Although most marriage ceremonies involve the phrase, "till death do us part," we see all to many couples who hear that as, "We're committed to each other until it isn't fun any more."
2. Contracts often deal with specific actions.
Most informal contracts made within the marriage also deal with specific actions.
3. Contracts are based on an "If..., then...," mentality.
Couples with this mentality often keep score. I will do this if you will do that. If you don't do this, I will not do that, and if I get tired enough of it, I'll break the contract. 4. Contracts are motivated by the desire to get something.
Many conversations in marriage are motivated by a desire to get something.
A covenant starts out like a contract, as an agreement between two or more persons, but the nature of the agreement is different. The Biblical pattern reveals five distinctive characteristics of covenants.

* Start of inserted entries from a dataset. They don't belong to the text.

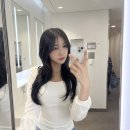 J.K 펫샵 | 다시 돌아온 하노이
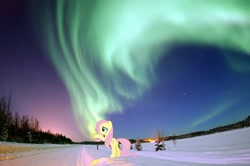 Size: 882x587 | Tagged: safe, artist:riofluttershy, fluttershy, aurora borealis, irl, photo, ponies in real life, snow, solo, winter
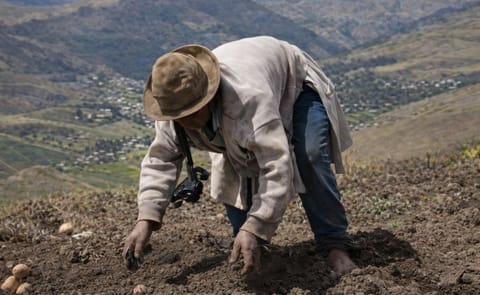 58 tecnologías tradicionales e innovadoras para cultivar papa 58 tecnologías tradicionales e innovadoras para cultivar papa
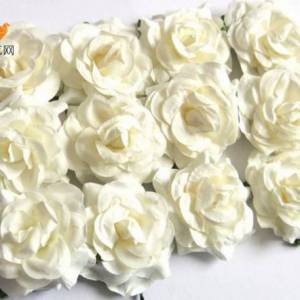 白色纸玫瑰花的精彩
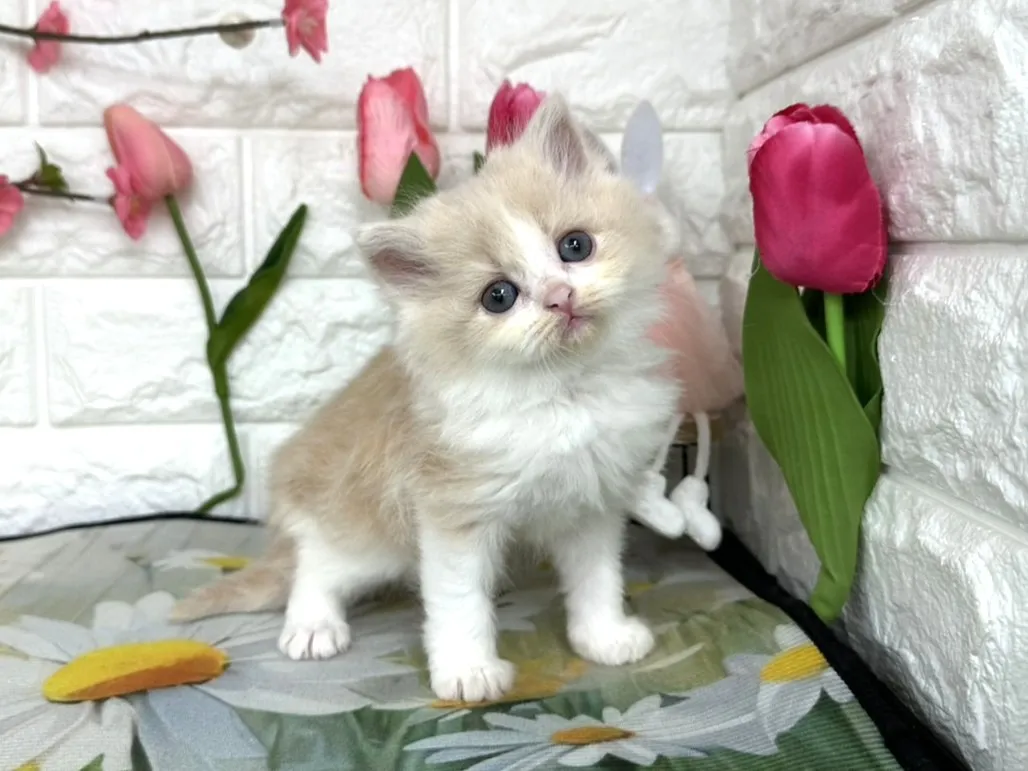 売約済★ミヌエット（足長）★メス★ No.3081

1. Covenants are initiated for the benefit of the other person. Many of us can honestly say that we entered marriage motivated by the deep desire to benefit the person we were about to marry. Our intention was to make them happy. However the easy way out when relationships become strained is for one or both partners to revert to contract mentality...
2. In covenant relationships people make unconditional promises.

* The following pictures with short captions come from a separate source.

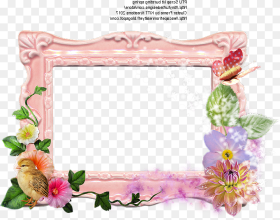 Picture Frame Hd Png Download 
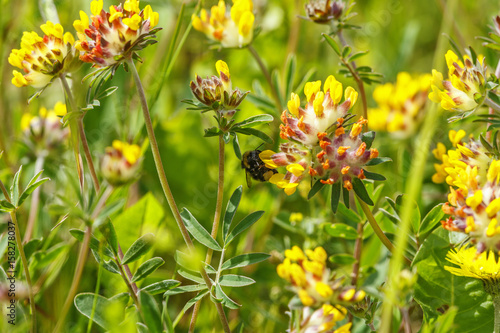 Bumblebee sucking nectar on meadow flowers photo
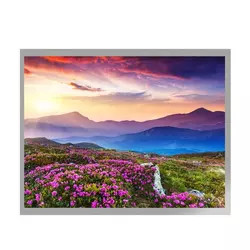 China MVA 10.4 Inch TFT LCD Display G104X1-L04 LVDS Interface TFT LCD Module on sale China MVA 10.4 Inch TFT LCD Display G104X1-L04 LVDS Interface TFT LCD Module on sale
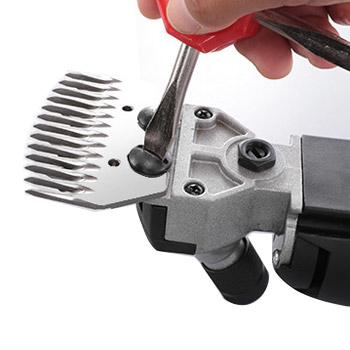 Blade Replacement for Electric Sheep Shearing Clipper, Step 1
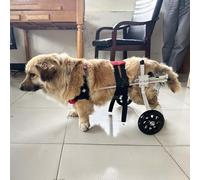 Portable Dog Wheelchair for Hind Legs - Lightweight Adjustable Pet Mobility Aid for Dogs & Cats Support for Disabled Pets Easy to Use Size XS (Red)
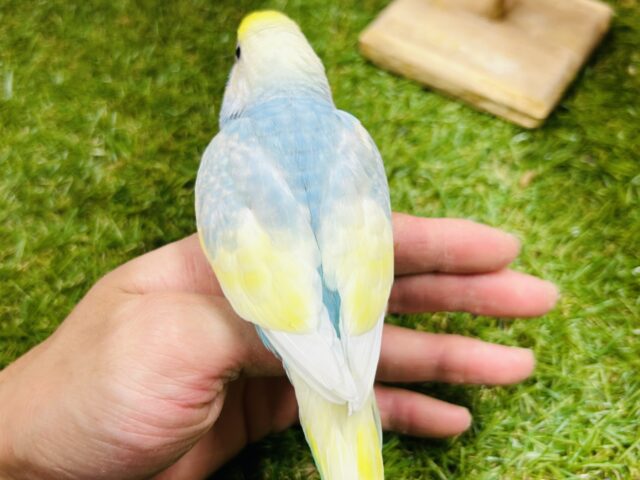 ③レインボー系のセキセイちゃんがやってきましたよ〜♫💛💙❤️💚 セキセイインコ セキセイインコ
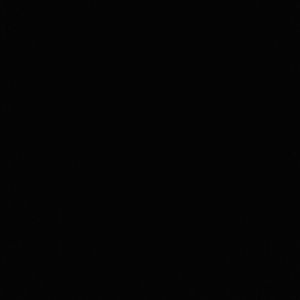 Meet your Posher, Shelby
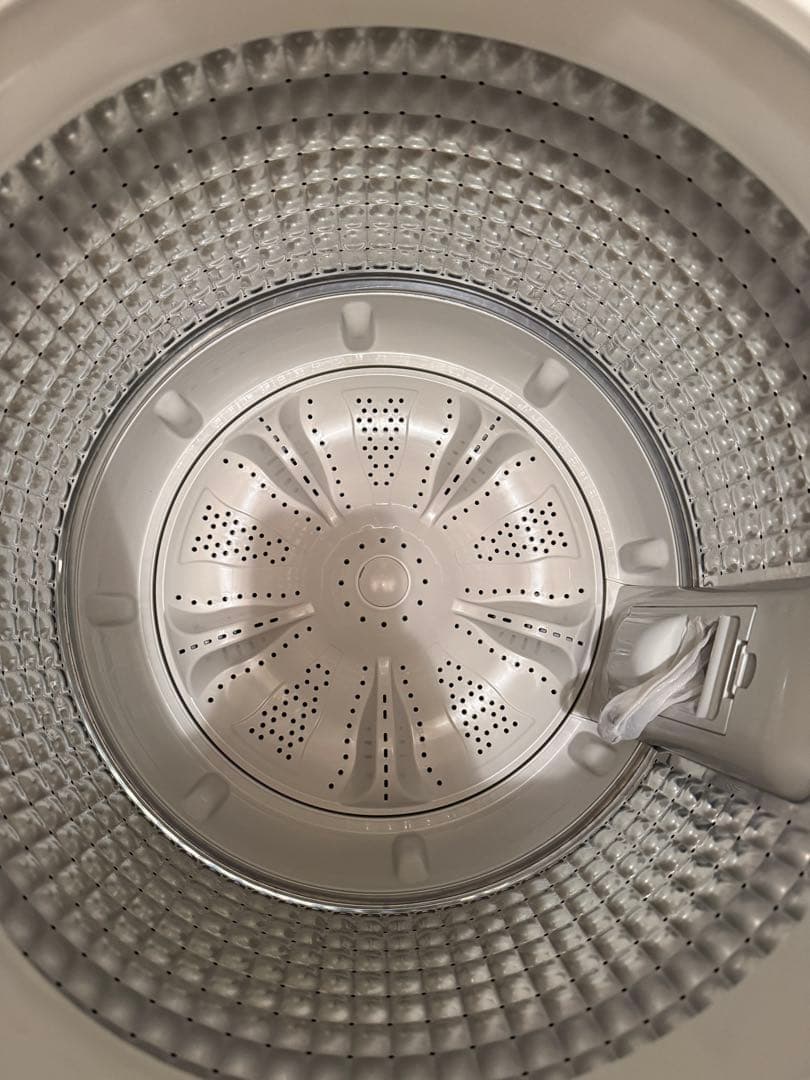 洗濯機 一人暮らし 5.5kg 縦型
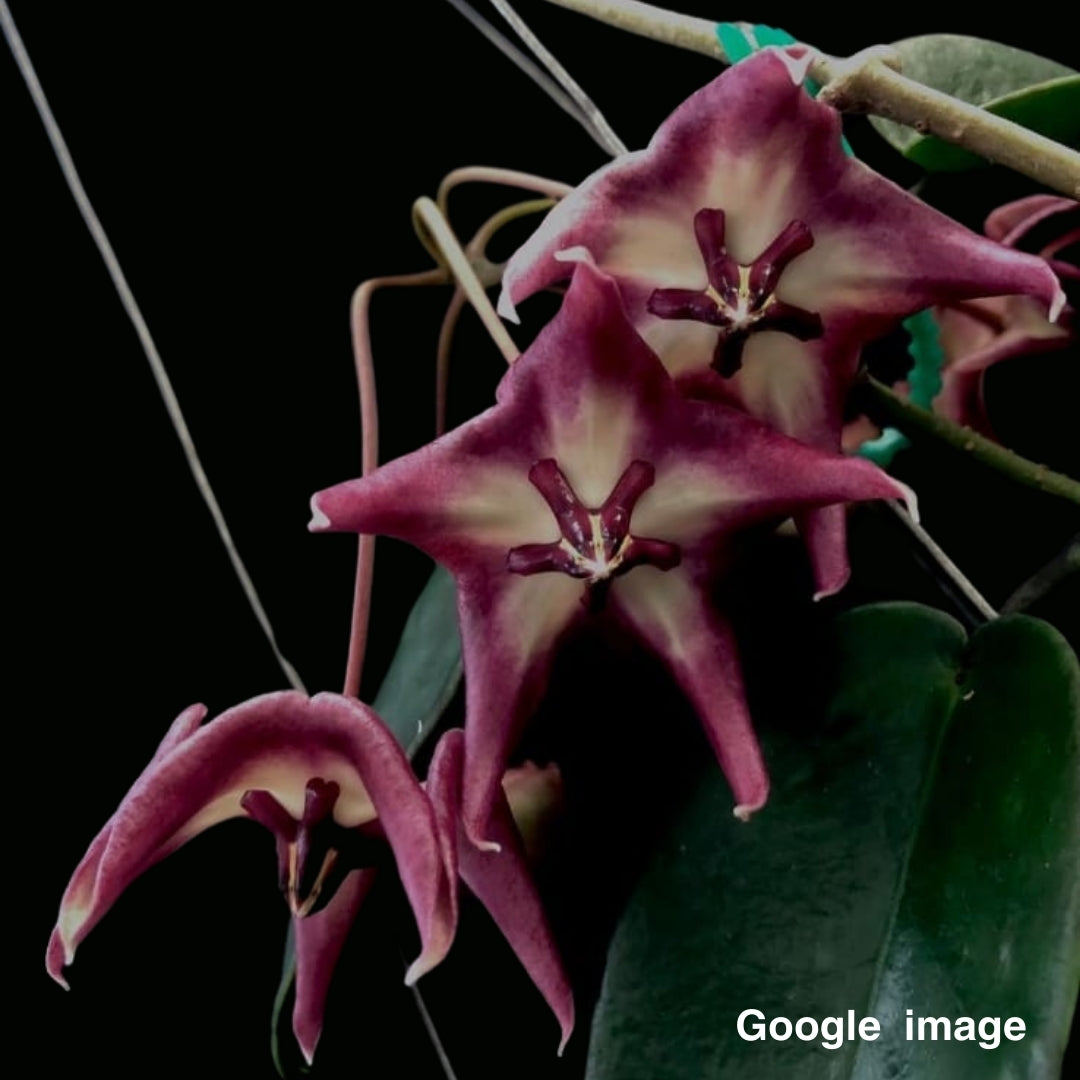 Hoya Onychoides Large (PRE-ORDER)-JULY309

Covenant marriages are characterized by unconditional promises, such as those spoken in traditional wedding vows. "I am in this for the duration." "I was serious when I said that one of us has to die to get out of this relationship." "I will be loving, caring, and serving you no matter what you decide to do."
3. Covenant relationships are based on steadfast love.
Steadfast love is a choice and not conditioned by circumstances or feelings of any kind.
4. Covenant relationships view commitments as permanent.
Unquestionably the biblical ideal is one man and one woman married to each other for life. We will not lower the ideal. A covenant relationship is unilateral. This standard can only be attained when we practice the fifth characteristic of covenants.
5. Covenant relationships require confrontation and forgiveness.
These two responses are essential in a covenant marriage.
Confrontation means holding the other person responsible for his or her actions.
Forgiving means a willingness to lift the penalty and continue a loving, growing relationship. Ignoring the failures of your spouse isn't the road to marital growth.
A Covenant Marriage is God's plan.
There may be contracts within the framework of covenant marriage, but for the Christian, marriage is a covenant. God's best in marriage will never be accomplished without His power.
So when couples come for a Marriage 3.0 weekend, they always leave with a
Covenant Agreement—both promising to build a covenant marriage in the days that follow...and agree to be held accountable for their promises.
If your marriage needs a tune up to get to Covenant status, come see us.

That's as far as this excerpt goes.